Friday, November 24, 2017

Arundhati Roy

It’s the birthday of author and political activist Arundhati Roy (books by this author), born in Meghalaya, India (1961). She’s best known for her first novel, The God of Small Things (1997), which she wrote when she was 37 years old. She said, “When people used to ask me how long it took to write The God of Small Things, I would say 37 years, because to me, a novel is not a product.” It went on to sell more 8 million copies worldwide and she gives most of her royalty money away.
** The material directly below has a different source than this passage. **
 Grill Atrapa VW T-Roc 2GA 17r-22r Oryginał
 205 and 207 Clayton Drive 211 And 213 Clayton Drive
It took her more than 20 years to write her next book, The Ministry of Utmost Happiness (2017), about a transgender woman, known in India as a hijra. About writing, Roy once said: “To me there is nothing higher than fiction. Nothing. It is fundamentally who I am. I am a teller of stories. For me, that’s the only way I can make sense of the world, with all the dance that it involves.”

Roy’s father was a Bengali Hindu and her mother a Syrian Christian. She left home at 17 and began working at the National Institute of Urban Affairs, making no money and hiring a bicycle for one rupee a day to get to work. Over the years, Roy has campaigned against nuclear weapons, lived with Indian Maoists in the jungle, and exposed government corruption, inequality, and environmental destruction. She’s been thrown in jail and accused of sedition. She said: “The right wing, the mobs, vigilantes, they are there at every meeting, threatening violence, threatening all kinds of things. I still go to speak, to Punjab, in Orissa, wherever; I’m not really that writer who is sequestered somewhere, and I live perhaps alone but in the heart of the crowd.”

Arundhati Roy once said, “There’s no voiceless, there’s only the deliberately silenced, you know, or the purposely unheard.”